"Quand la mer se retire, le sable laisse des empreintes de serpents invisibles."

(Un extrait de Ce jour-là (joca seria, 2012), livre écrit avec Tanguy Viel par les élèves de Clichy-sous-Bois.)


JULIE
Des histoires comme ça, à Clichy, je ne sais pas s’il y en a tant que ça. Mais ce que je sais, c’est que chaque soir, j’ai l’impression de faire un nouveau cauchemar, je me réveille en pleine nuit, je sursaute et je ressens cette envie de changer de vie. Je réalise que j’en ai assez de ce travail, de cette routine qui s’est installée depuis maintenant quelque temps et puis cette ville, elle m’épuise… Assez ! J’ai besoin de changer d’air. Tous les matins, je suis forcée de porter ce stupide uniforme qui me colle à la peau, cette couleur bleu foncé je ne la supporte plus, cette ceinture tellement lourde m’épuise. Cette casquette qui ne ressemble à rien, j’aimerais ne plus la porter. Sans oublier ces grosses bottes de sept lieux qui écrasent tout sur leur passage. Non, je ne veux plus porter ces horribles vêtements, dehors les jeunes te fixent et te haïssent. Mais s’ils savaient combien j’aimerais arrêter ce travail, je le hais ! Il m’a changée, je ne suis plus moi, je suis celle qu’ils veulent que je sois, je ne me reconnais pas. J’aimerais ne plus avoir à revivre ces moments où je me cogne à ces foutus lampadaires qui s’éteignent lorsque je rentre chez moi, je ne peux plus voir cette mère et son enfant tous les matins sur mon chemin. Les voisins qui se disputent sans cesse durant la nuit. Les discussions des ados et celles des travailleurs en fin de semaine, ça ne m’intéresse plus. Je ne supporte plus l’odeur des boulangeries même lorsque j’ai l’appétit.
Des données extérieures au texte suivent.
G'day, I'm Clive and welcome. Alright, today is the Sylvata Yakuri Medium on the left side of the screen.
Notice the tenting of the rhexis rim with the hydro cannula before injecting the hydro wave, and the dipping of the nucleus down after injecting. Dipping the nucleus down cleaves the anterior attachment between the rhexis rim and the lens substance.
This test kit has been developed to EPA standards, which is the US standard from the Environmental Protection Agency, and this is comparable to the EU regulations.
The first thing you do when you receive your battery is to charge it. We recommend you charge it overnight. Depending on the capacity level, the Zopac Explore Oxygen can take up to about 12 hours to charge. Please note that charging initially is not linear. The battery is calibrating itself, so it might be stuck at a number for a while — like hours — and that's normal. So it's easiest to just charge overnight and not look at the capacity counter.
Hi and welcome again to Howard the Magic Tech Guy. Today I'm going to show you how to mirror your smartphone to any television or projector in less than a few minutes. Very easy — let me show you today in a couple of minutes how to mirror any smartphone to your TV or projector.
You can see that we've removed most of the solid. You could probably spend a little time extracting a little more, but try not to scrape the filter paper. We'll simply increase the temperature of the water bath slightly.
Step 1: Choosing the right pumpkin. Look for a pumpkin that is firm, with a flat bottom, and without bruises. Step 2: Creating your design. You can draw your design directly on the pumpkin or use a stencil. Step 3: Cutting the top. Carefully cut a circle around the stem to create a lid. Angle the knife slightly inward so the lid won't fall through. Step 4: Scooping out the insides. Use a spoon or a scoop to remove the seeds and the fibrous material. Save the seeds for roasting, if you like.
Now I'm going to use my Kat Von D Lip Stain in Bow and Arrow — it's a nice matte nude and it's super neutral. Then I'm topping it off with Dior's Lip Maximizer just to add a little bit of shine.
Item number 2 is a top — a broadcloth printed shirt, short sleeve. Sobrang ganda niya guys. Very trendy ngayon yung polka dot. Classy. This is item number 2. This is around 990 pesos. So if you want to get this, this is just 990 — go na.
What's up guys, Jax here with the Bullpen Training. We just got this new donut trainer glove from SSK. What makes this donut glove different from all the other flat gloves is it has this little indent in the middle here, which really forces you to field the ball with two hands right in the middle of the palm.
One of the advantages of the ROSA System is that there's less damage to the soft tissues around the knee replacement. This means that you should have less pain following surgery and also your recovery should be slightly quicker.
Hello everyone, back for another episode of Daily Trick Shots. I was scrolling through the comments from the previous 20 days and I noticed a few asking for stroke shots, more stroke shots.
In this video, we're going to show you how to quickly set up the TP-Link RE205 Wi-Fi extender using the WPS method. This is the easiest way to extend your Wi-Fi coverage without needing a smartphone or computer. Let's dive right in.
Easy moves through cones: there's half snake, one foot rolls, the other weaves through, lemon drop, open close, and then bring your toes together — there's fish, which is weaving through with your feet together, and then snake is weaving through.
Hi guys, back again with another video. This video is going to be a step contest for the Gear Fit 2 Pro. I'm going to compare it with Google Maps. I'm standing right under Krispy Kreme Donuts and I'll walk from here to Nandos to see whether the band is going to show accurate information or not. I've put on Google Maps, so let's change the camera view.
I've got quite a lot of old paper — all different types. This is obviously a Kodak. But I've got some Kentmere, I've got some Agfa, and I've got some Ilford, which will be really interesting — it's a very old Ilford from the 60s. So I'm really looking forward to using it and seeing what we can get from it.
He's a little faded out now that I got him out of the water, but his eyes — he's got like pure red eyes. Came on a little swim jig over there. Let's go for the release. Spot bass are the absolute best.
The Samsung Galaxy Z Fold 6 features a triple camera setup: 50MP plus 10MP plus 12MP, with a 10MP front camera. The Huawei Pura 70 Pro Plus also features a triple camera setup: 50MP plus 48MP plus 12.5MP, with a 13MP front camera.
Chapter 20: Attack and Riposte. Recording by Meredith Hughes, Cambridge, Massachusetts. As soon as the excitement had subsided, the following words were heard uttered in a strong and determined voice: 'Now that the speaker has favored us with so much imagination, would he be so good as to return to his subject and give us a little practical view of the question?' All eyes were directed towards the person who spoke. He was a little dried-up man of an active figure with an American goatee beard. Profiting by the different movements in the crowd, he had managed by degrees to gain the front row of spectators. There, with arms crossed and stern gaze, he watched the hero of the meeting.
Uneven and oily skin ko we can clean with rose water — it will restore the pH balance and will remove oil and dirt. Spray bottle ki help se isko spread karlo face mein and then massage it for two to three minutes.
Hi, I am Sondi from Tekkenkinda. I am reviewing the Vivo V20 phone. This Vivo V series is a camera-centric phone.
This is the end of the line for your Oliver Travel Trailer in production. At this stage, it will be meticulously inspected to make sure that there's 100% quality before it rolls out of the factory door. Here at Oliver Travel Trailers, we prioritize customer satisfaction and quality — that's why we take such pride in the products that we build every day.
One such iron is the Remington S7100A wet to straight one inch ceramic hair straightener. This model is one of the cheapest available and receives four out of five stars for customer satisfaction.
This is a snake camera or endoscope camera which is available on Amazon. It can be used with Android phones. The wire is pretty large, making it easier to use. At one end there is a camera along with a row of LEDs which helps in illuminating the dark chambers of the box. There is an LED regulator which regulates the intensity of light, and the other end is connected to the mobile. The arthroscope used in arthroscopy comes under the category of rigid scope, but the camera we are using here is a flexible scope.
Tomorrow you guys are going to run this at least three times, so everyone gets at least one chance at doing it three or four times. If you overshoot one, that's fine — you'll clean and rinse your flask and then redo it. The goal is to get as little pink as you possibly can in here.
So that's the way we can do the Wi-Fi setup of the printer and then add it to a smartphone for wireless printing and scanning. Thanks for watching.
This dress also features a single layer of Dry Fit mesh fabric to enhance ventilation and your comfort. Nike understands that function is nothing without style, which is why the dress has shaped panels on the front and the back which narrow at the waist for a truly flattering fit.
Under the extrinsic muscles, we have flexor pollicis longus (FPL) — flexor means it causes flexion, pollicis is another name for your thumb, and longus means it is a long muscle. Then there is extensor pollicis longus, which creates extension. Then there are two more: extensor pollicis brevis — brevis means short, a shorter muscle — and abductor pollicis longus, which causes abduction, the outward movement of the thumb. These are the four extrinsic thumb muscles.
Ça m’est insupportable de passer devant ce petit tabac ridicule, cette pharmacie fermée depuis maintenant six mois, et cette épicerie où tout est cher. J’aimerais avoir le pouvoir de remonter le temps et tout recommencer depuis le début.

ÉLODIE
Avec Ryan on est descendus aux Champs-Élysées. Les rues étaient enneigées. Tout ce blanc de neige. Plus tard, il serait piétiné par les touristes. En attendant, la neige se reflétait à travers les lampadaires, ce qui donnait l’impression d’être dans un film. Nous avons marché main dans la main, dans la neige qui ensevelissait nos pas. Les rues à Paris étaient silencieuses, et ce silence était apaisant.

NORMANDIE
Quand la mer se retire, le sable laisse des empreintes de serpents invisibles. Le sable aussi est soumis à la mer. Les pierres sont presque nues. Seules quelques algues restent accrochées. Lorsqu’elle revient, les pierres redeviennent grises. La mer recouvre les serpents invisibles, la mer calme et colorée. Le sable change de couleur quand il est mouillé, il devient plus ferme sous les pas. Quand il est plus jaune, il est facile de marcher dessus. Le sable est grimaçant à cause des algues. Sur la plage il n’y a personne, mis à part le reflet de nos pas et ceux des chiens. Peu à peu avec la montée de la mer, ils disparaissent sous ses vagues régulières. Le temps est comme un enfant capricieux qui change d’humeur plusieurs fois dans la journée. Ce n’est que lorsque la mer monte en début d’après-midi, que le soleil est à l’approche, puis les nuages s’assombrissent, la mer s’en va, la pluie tombe de manière violente, le vent emporte tout sur son passage, le tonnerre gronde. C’est une scène courante en Normandie, mélange de campagne avec bord de mer. Le bleu de l’océan inspire le désir de prendre le large, de s’évader à travers la lumière qu’elle laisse à son départ. Elle ne cesse de s’en aller et de revenir mais jamais en nous emmenant avec elle. Le calme y réside, seuls les grondements des orages et la colère du vent réussissent à rompre le silence dans lequel elle s’est murée. Les journées sont longues, le temps comme suspendu. Quand on se promène dans le village, on a l’impression qu’il est vide, que nous sommes seuls au monde. Les collines d’Arromanches remplissent l’espace. La nature incolore se calque sur la couleur du ciel. Les falaises avec le brouillard au loin donnent l’impression qu’elles disparaissent au fur et à mesure que l’on s’éloigne.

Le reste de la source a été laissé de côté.